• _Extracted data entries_

=== Begin Enclosure ===

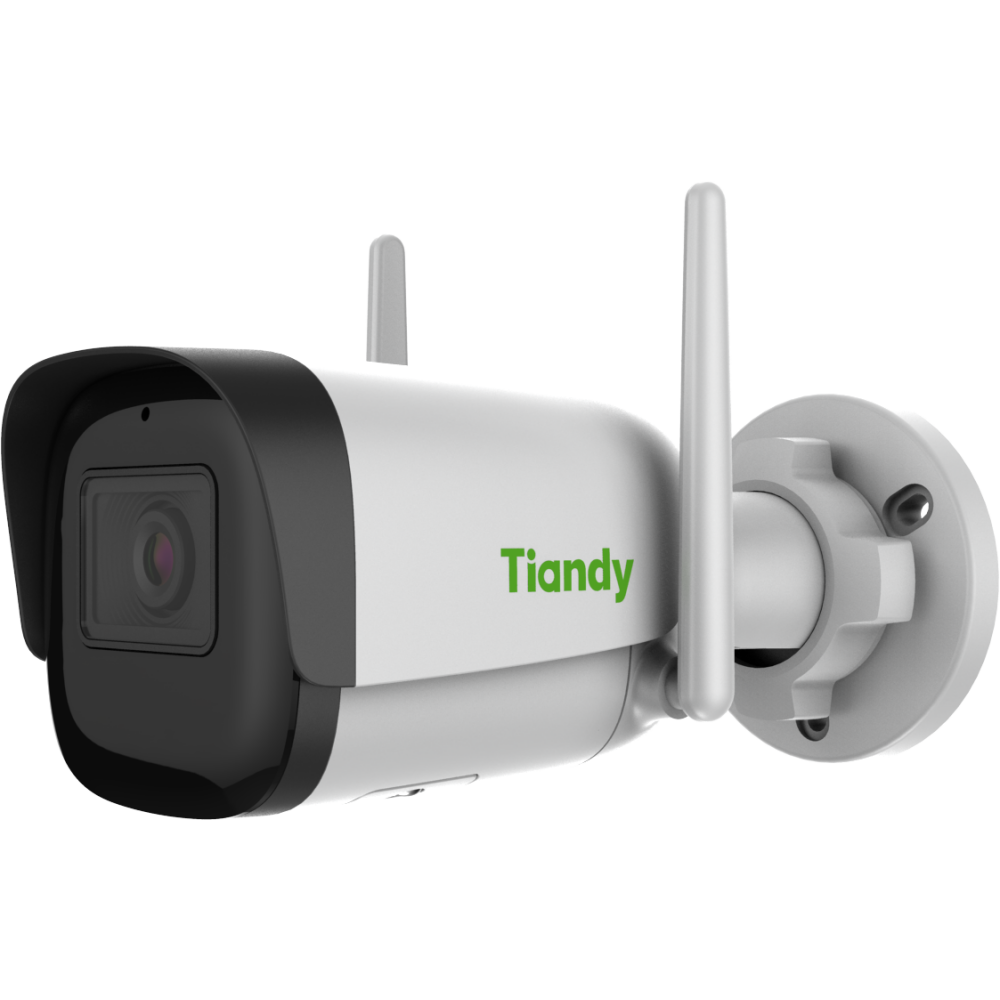 IP камера Tiandy TC-C32WN (I5/Y/WIFI/4mm/V4.1) - TC-C32WN I5/Y/WIFI/4mm/V4.1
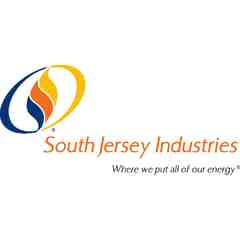 South Jersey Industries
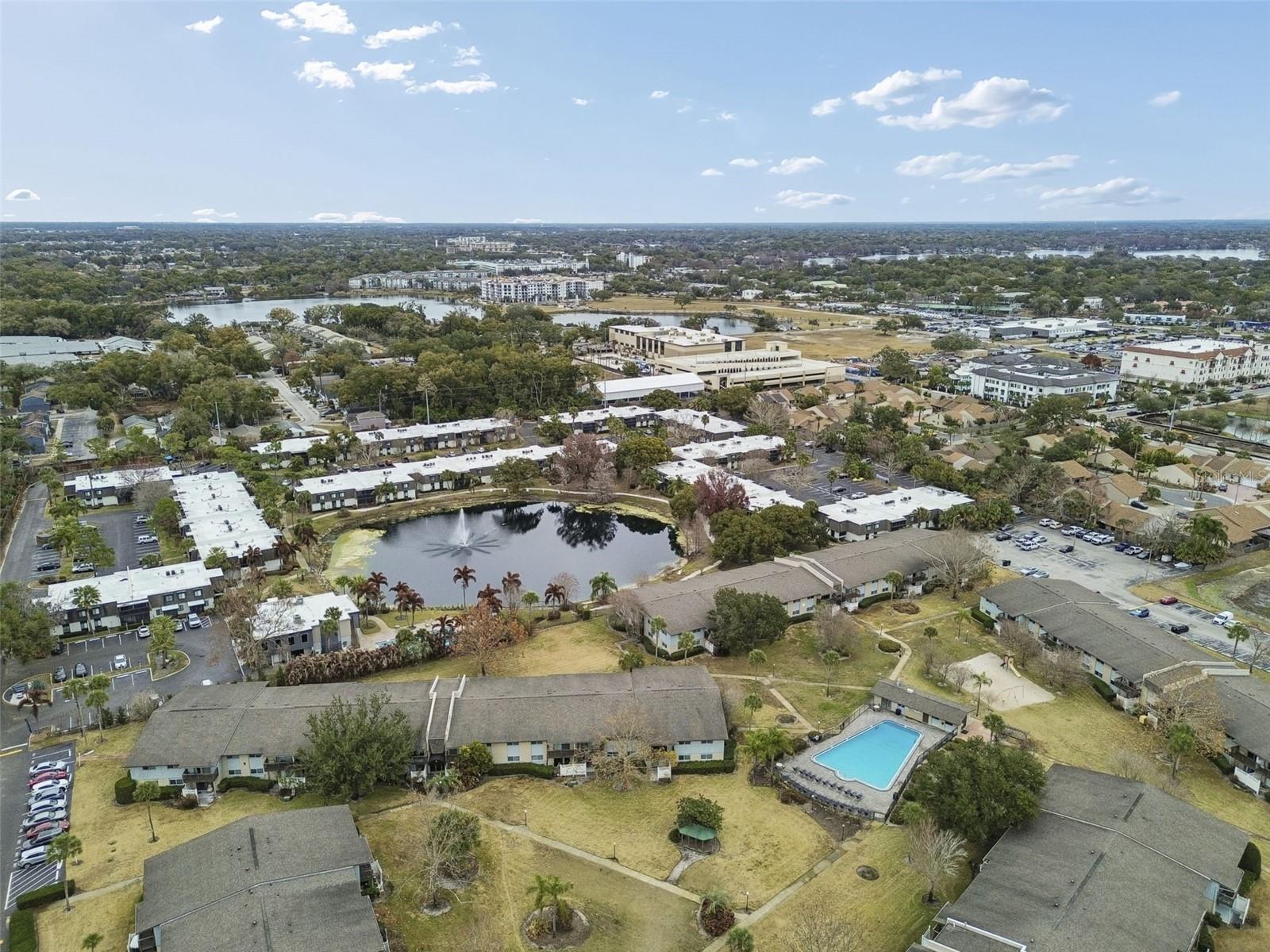 Image 58 of 82 For 1695 Lee Road E215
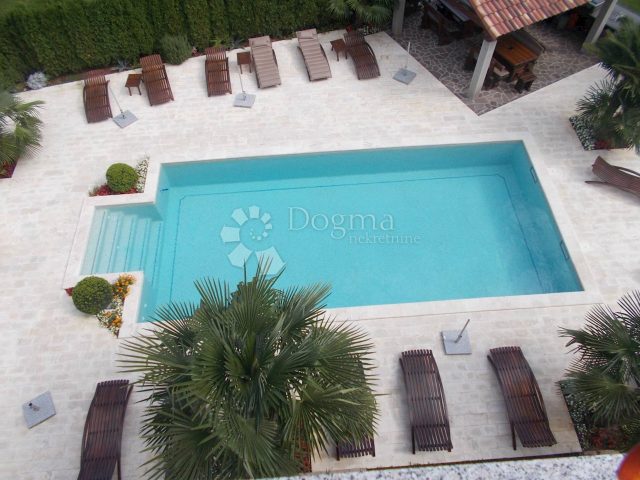 House For sale - Primorsko-goranska Opatija - foto 2/32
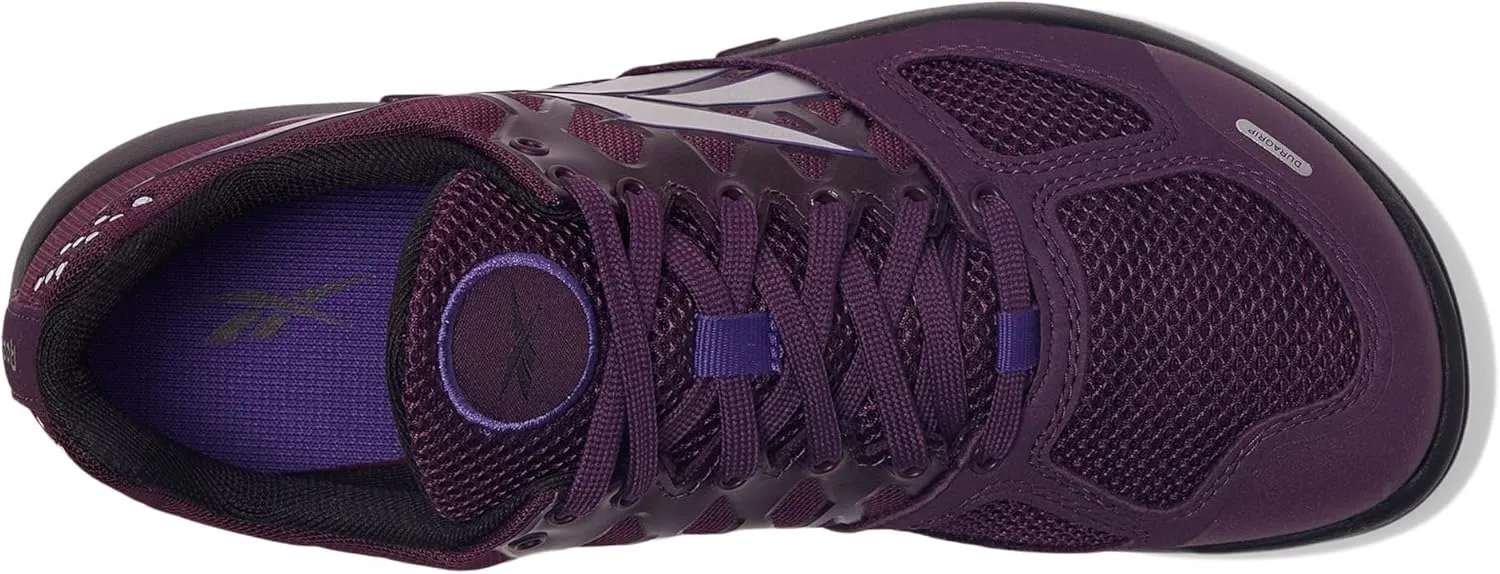 Reebok Women's Nano 2.0 Sneaker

=== End Enclosure ===

All of the data should be returned word for word, with each picture left out.

• _EXERCISE OUTPUT_
 IP камера Tiandy TC-C32WN (I5/Y/WIFI/4mm/V4.1) - TC-C32WN I5/Y/WIFI/4mm/V4.1
 South Jersey Industries
 Image 58 of 82 For 1695 Lee Road E215
 House For sale - Primorsko-goranska Opatija - foto 2/32
 Reebok Women's Nano 2.0 Sneaker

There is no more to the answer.